The Valve and Actuator Manufacturers Cluster of South Africa (Vamcosa), which operates under the auspices of the South African Capital Equipment Export Council (Saceec), on Tuesday announced that the National Treasury had published an updated instruction note stipulating the minimum threshold for local production and content for valve products and actuators.
The updated instruction note provided clarity on certain topics, such as how local content should be calculated and what constituted local content.
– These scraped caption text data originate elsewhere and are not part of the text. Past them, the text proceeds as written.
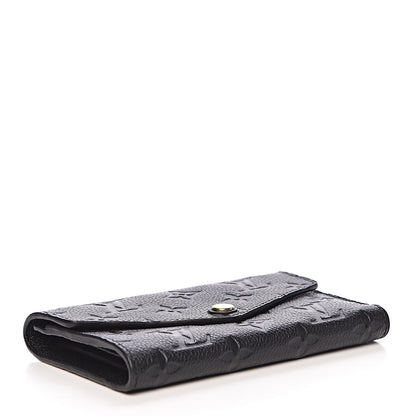 Louis Vuitton Empreinte Compact Curieuse Wallet Black 4 of 8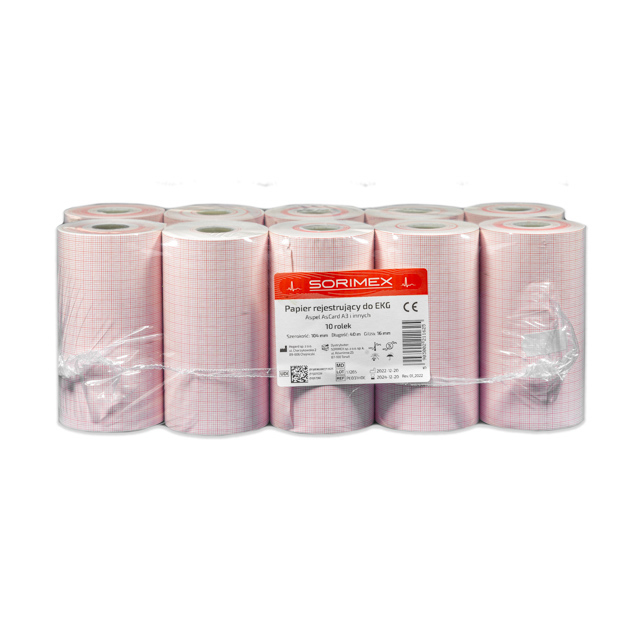 Papier EKG do Aspel AsCard 3, 104 mm x 40 m, 1 opk. - 10 szt.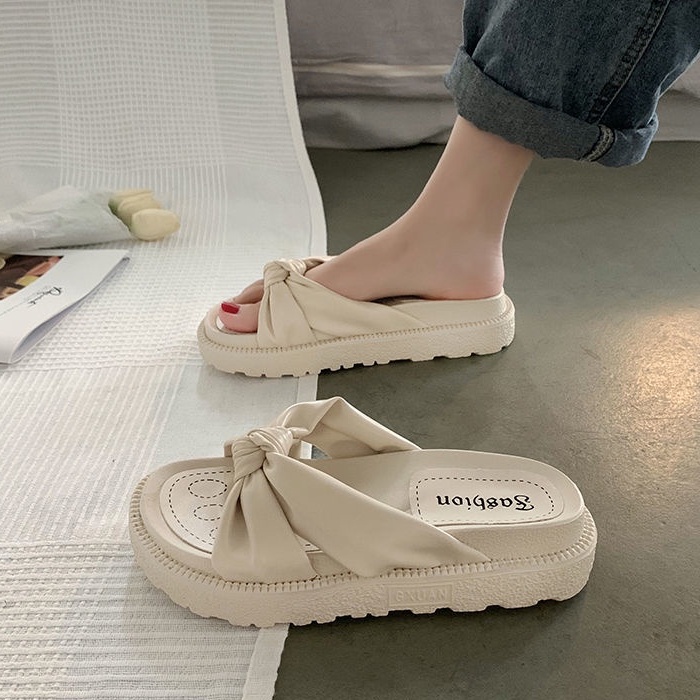 ISAHINI dép nữ dép quai hậu nữ giày sandal dép bánh mì dép nữ dép đi trong nhà đế mềm chống trượt Dép đi biển 21Z23051905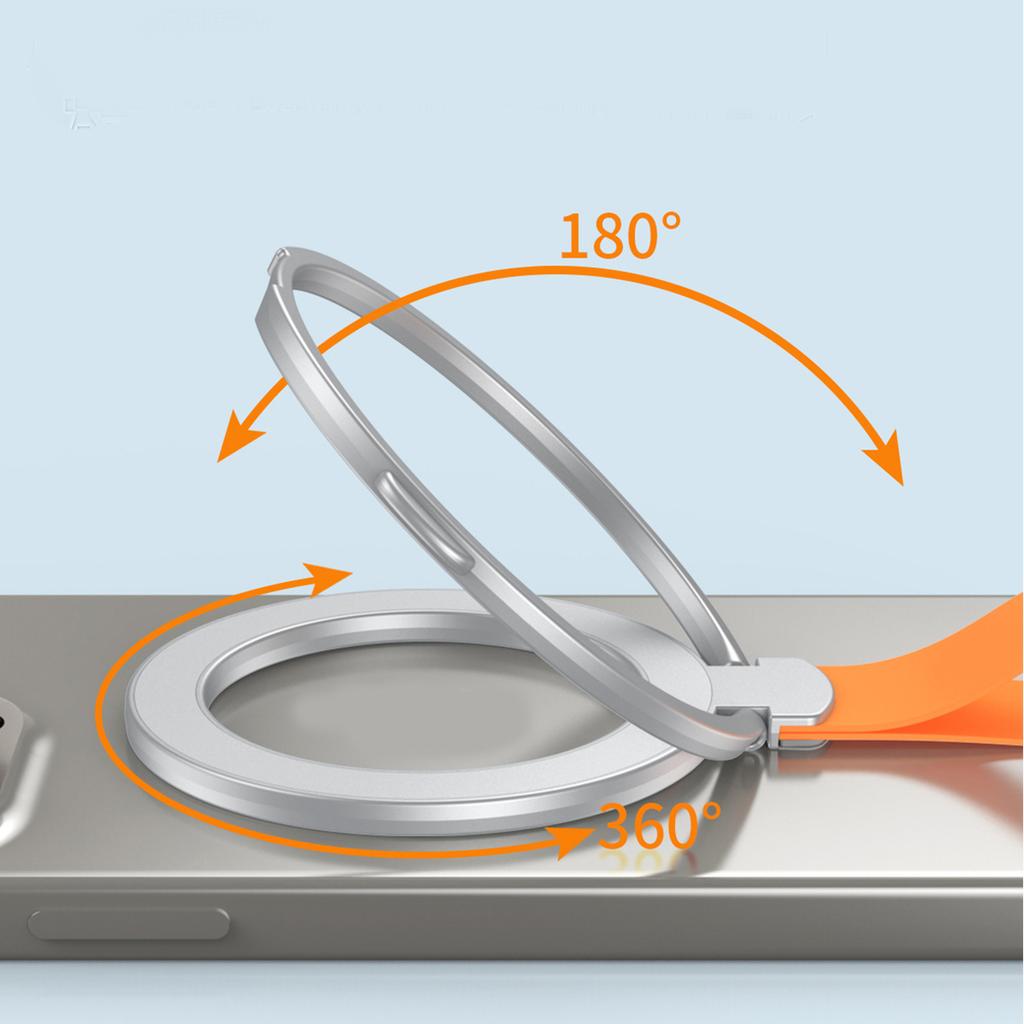 Magnetic Phone Holder 360 Degrees Rotation Stand For iPhone 16 15 14 13 Pro Max Apple MagSafe Phone Magnetic Finger Ring Holder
It also provided some protection for major suppliers such as foundries, forge shops, steel and stainless steel suppliers.
Providing clarification on what the 70% local content comprised, the note included the use of locally produced and certified castings, forging and fabrication, as well as verifiable manufacturing activities such as machining, drilling, coating, assembly and testing.
“The first instruction note came out in 2014. It had many loopholes in it and did not stipulate how the 70% local content should be adhered to,” said Vamcosa member Mark Wilson.
He added that Vamcosa, together with the Department of Trade and Industry, worked to change the instruction note, which was issued last month, and specifically focused on clarifying how local content was made up.
“This most recent note clearly states what the criteria for local content should be,” he said.
Saceec CEO Eric Bruggman added that, currently, there was no penalty or consequence for State-owned companies that did not procure enough local content.
“Currently, 20% is local and 80% is imported and we are hoping to change that,” he noted.
The updated instruction note stipulated that the averaging-out of local content either across any number of valves and gearboxes and actuator combinations, as well as locally made and imported valves or other items, was not permitted.
Each individual valve, manual actuator or pneumatic actuator was subject to the minimum 70% local-content threshold.
In addition, the valve type list had been updated to include the alternative names of valves.
“For example, a check valve is also known as a non-return valve or reflux valve or tilting disk valve, and so on. This [list is aimed at curbing] the number of State-owned entities, departments – including municipalities – and contractors working with State spend, who assume that by changing the name of the valve in the tender or request for information process, that designation does not apply,” concluded Bruggman.